YetAnotherNick · on May 24, 2021

> We’ve known for decades that RISC was the “right” design, but x86 was so far ahead of everyone else that switching architectures was completely infeasible

All the experts I listened or read to, they told that instruction set doesn't matter and it is the insignificant thing. The part that matters is branch and data prediction, and caching. Also, even intel transforms an instruction into RISC like microinstructions internally.

> Apple does not have to worry about backwards compatibility very much compared to a Windows-based manufacturer

Windows is literal shit in backwards compatibility too. Try to run any windows 7 or before program in windows 10 and most of the time it won't work. Also, windows can also run in ARM and unlike mac the ARM windows didn't had emulation for years.

jasonwatkinspdx · on May 25, 2021

> All the experts I listened or read to, they told that instruction set doesn't matter and it is the insignificant thing. The part that matters is branch and data prediction, and caching. Also, even intel transforms an instruction into RISC like microinstructions internally.

That's commonly repeated, but is a misunderstanding. Up until this point the difference was mostly that an x86 decoder took up more chip area, which given Intel's historical leads in process tech was no big deal to them.

However now we're pushing chips to go wider than ever. Intel and AMD haven't been able to push past a 4x superscalar decoder. The instruction set just has too many potential chained dependencies to make it work. You'd have to slow cycle time or introduce additional pipeline stages such that performance in the net is worse. Meanwhile M1 decodes at 8x.

This dovetails into what you're saying about stalls caused by prediction and caching. Once the stall is resolved M1 can race ahead, assigning work into the shadow registers at potentially twice the peak rate.

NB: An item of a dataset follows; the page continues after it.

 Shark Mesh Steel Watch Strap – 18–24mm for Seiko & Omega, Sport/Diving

You're being a bit hyperbolic about Windows backwards compatibility. Much of the enterprise software world is still running programs that were written against windows XP just fine, and MS is not going to rock that boat any time soon.

The big difference with Apple's transition is precisely due to the translation (note not emulation). I've lived through 3 of their ISA changes now and they've all been nearly seamless. The big difference is Mac users have been ok with sunsetting the old apps ~5 years after the transition, something that's a total nonstarter in Windows land.

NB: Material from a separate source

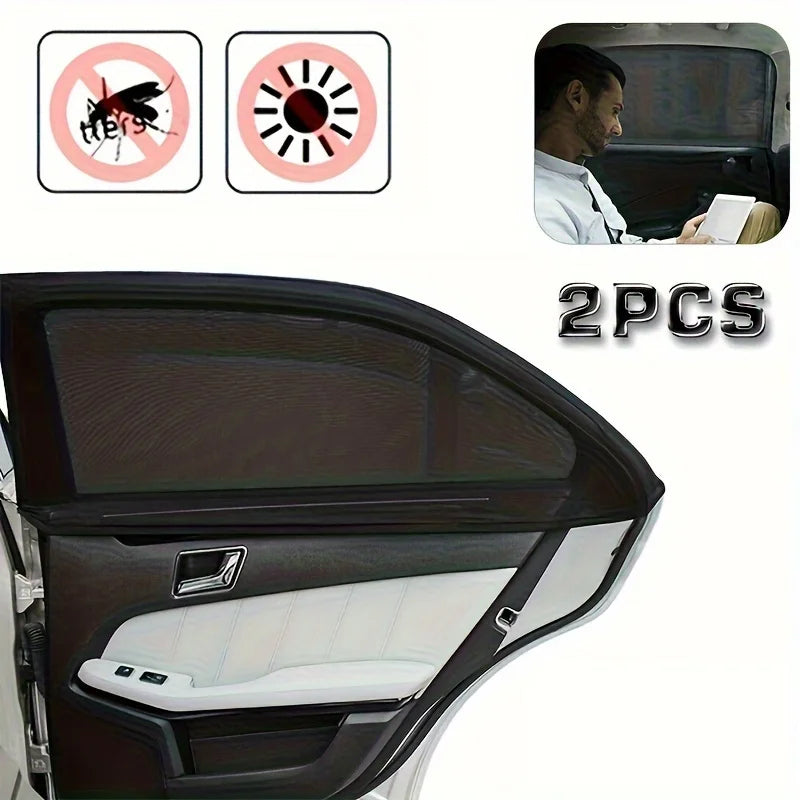 2pcs Car Window Mosquito Net Sunshade UV Protect Shield Mesh Prevent Mosquito Sunshine Privacy Protection Foldable Curtain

Rosetta2 is so stinking fast I have not even had to think one whip about what's native vs translated.

leucineleprec0n · on May 25, 2021

"That's commonly repeated, but is a misunderstanding. Up until this point the difference was mostly that an x86 decoder took up more chip area, which given Intel's historical leads in process tech was no big deal to them. However now we're pushing chips to go wider than ever. Intel and AMD haven't been able to push past a 4x superscalar decoder. The instruction set just has too many potential chained dependencies to make it work. You'd have to slow cycle time or introduce additional pipeline stages such that performance in the net is worse. Meanwhile M1 decodes at 8x."

Thank you, for the love of Christ why people regurgitate this [half-truth about the decoders] consciously without realizing what they are implying is beyond me. Sure, in a world where Apple, ARM. et. al were slow, maybe it would be a relevant defense. But they're playing ball, and MS/Intel haven't been up to bat with it the home turf truly on the line for years. Likely Intel will shift over to fabs for third-parties, MS is fine without Windows were it to fade out to Chrome/MacOS in time (unlikey but still).

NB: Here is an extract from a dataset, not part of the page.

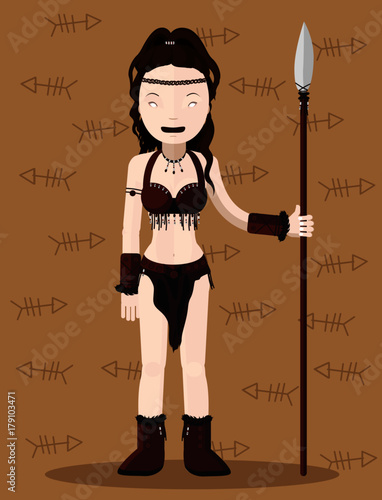 amazon warrior vector illustration, brunette cavewoman dressed in leather with a spear, flat style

I think there's another variable on MS's end too. Paging. The M1 supports 16K paging/allocation unit sizes, right? I strongly suspect this + the ssd speed & memory compression plays a substantial role in the reported "differential use of ram" which probably also explains the swap rates that everyone keeps coping about (obviously, they are built this way for the most part). On performance though, I don't really put much stock in EclecticLightCo's thing on QoS, at least, not any stock in it as though I genuinely subscribe to the school of thought praising Apple for perfecting heterogeneous core scheduling, which is really just a bit much.

And yeah, I went from 2020 x86 MBP to 2020 M1 MBA. Seamless, and I really haven't thought about emulation other than for instance the apparent memory usage that may be a bit more accentuated with Rosetta.

NobodyNada · on May 24, 2021

> All the experts I listened or read to, they told that instruction set doesn't matter and it is the insignificant thing. The part that matters is branch and data prediction, and caching. Also, even intel transforms an instruction into RISC like microinstructions internally.

I've heard this before, but I've also seen sources which indicate that x86 instruction decoding is definitely a bottleneck [1-5]. The M1 has a significantly wider pipeline/OoO window/reorder buffer than any other processor, and most sources seem to agree that this is because the simplicity of the ARM ISA allowed Apple to build an 8-wide instruction decoder (as compared to around 4-wide for x86 chips). [1] also mentions that Apple's impressive branch-prediction capabilities are at least partially because ARM's 4-byte-aligned instructions greatly simplify the design of the branch predictor.

So yes, it's true that an x86 processor really runs RISC-like uops under the hood. However, the best out-of-order execution pipeline in the world is limited by how far ahead it can see, and that depends on how fast the instruction decoder can feed it instructions.

Once again though, I am not a microarchitecture expert. I just read bits of information from people who do know what they're talking about and try to form it into a coherent mental model. If you have knowledge or sources that disagree with me, I would be happy to be proven wrong :)

[1]: https://news.ycombinator.com/item?id=25264384 [2]: https://www.agner.org/optimize/blog/read.php?i=25 [3]: https://news.ycombinator.com/item?id=26782213 [4]: https://www.quora.com/Why-dont-intel-or-AMD-design-an-x86-CP... [5]: https://www.anandtech.com/show/16226/apple-silicon-m1-a14-de...

astrange · on May 27, 2021

> It’s both. We’ve known for decades that RISC was the “right” design, but x86 was so far ahead of everyone else that switching architectures was completely infeasible (even Intel themselves tried and failed with Itanium).

Neither ARM nor Itanium are RISC. RISC/CISC don't actually exist - CISC just means "x86" (variable length instructions, memory operands, 2-operand instructions) and RISC means "MIPS or PowerPC" (load store, fixed length 3-operand instructions, weird hardware exposures like delay slots.)

ARM is a load-store architecture and has a lot of registers so it's closer to MIPS but it has complex addressing modes and more instructions. Itanium is VLIW which is almost the opposite of how the M1 works.

Plus ARMv8 in the M1 is a total redesign so it's not exactly the same as older ARMs.

> Crucially, you don’t have to do any more actual hardware operations to execute the 4 or 5 RISC as compared to the one CISC instruction.

This isn't true because you can do a lot of that stuff in one step; just put an adder in the memory access unit. Some complex instructions really are worth putting in the ISA.

x86 uses this to its advantage; the µops can be very long and are not RISCy. RISC is actually harder to deal with here because it's easy to split up instructions into µops, but it's hard to fuse them together again. That's why ARM having condition codes and more complex memory operands is a win.

x86's variable length instructions also fit in memory better, which is good for performance, but they're worse on security because they're harder to parse.